=== Problem to solve ===
Your reply should be the whole listing, copied exactly, with the pictures left out.

=== Data segment ===
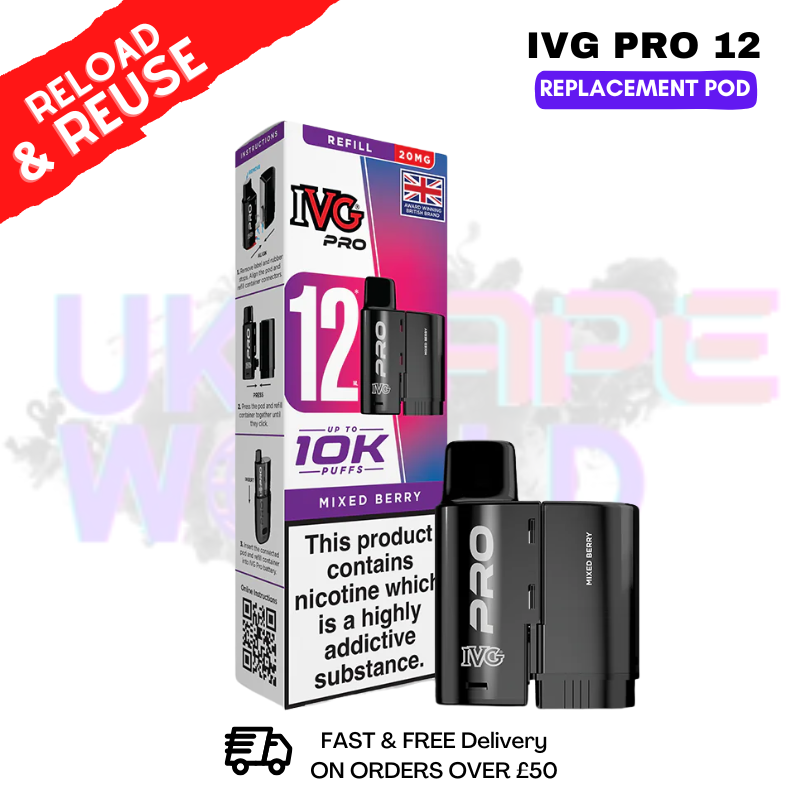 Mixed Berry IVG Pro 12 REFIL Pod Pack - ukvapeworld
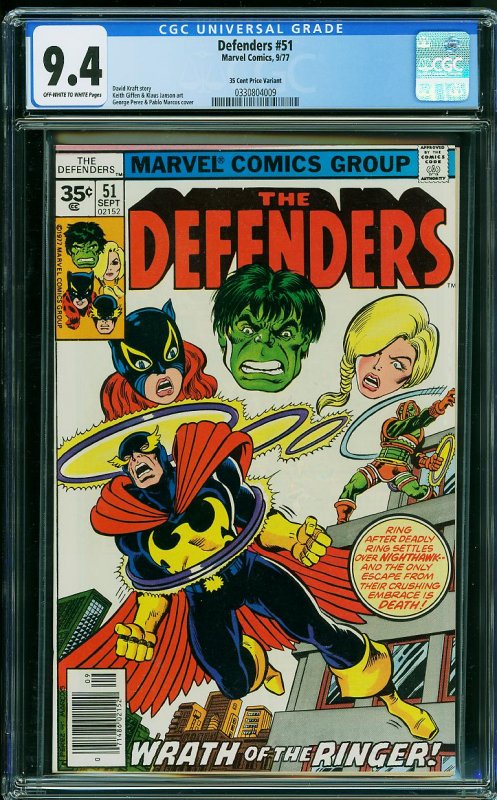 Defenders #51 (Marvel, 1977) CGC 9.4 - KEY $0.35 Price Variant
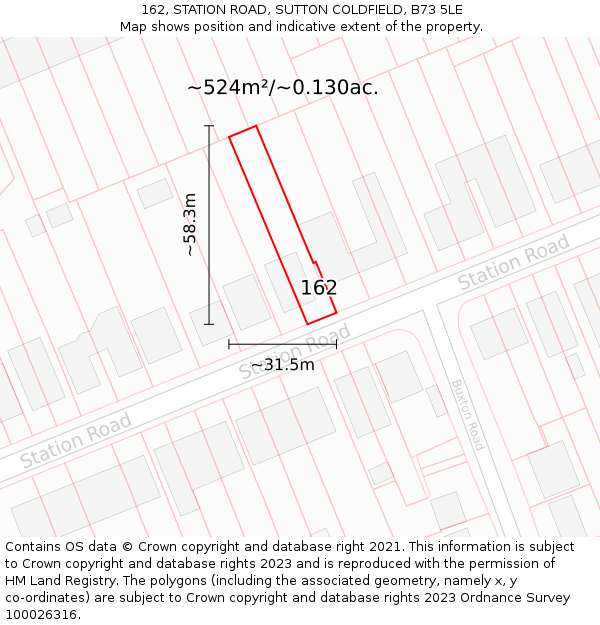 162, STATION ROAD, SUTTON COLDFIELD, B73 5LE: Plot and title map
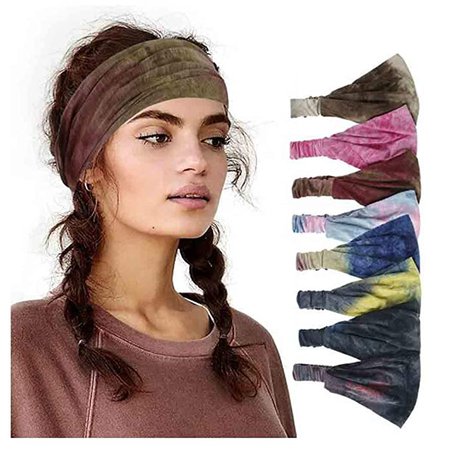 Amazon.com : Olbye Boho Headbands Women Wide Hairbands Elastic Turban Head Wraps Tie Dye Hair Bands Bandana Colorful Head Band Cover Workout Yoga Hair Band Hair Accessories for Women and Girls 8Pcs : Beauty & Personal Care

=== Task result ===
 Mixed Berry IVG Pro 12 REFIL Pod Pack - ukvapeworld
 Defenders #51 (Marvel, 1977) CGC 9.4 - KEY $0.35 Price Variant
 162, STATION ROAD, SUTTON COLDFIELD, B73 5LE: Plot and title map
 Amazon.com : Olbye Boho Headbands Women Wide Hairbands Elastic Turban Head Wraps Tie Dye Hair Bands Bandana Colorful Head Band Cover Workout Yoga Hair Band Hair Accessories for Women and Girls 8Pcs : Beauty & Personal Care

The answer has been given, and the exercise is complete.